== Entries provided

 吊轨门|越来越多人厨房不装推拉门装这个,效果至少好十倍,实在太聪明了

====
== Entries provided

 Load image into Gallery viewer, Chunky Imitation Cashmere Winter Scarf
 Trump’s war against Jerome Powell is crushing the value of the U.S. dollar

====

What to work on = Please reproduce the lines from the line with "Load image into" to the line with "Trump’s war against", both ends included, exactly as they appear above.

Response to the task =
 Load image into Gallery viewer, Chunky Imitation Cashmere Winter Scarf
 Trump’s war against Jerome Powell is crushing the value of the U.S. dollar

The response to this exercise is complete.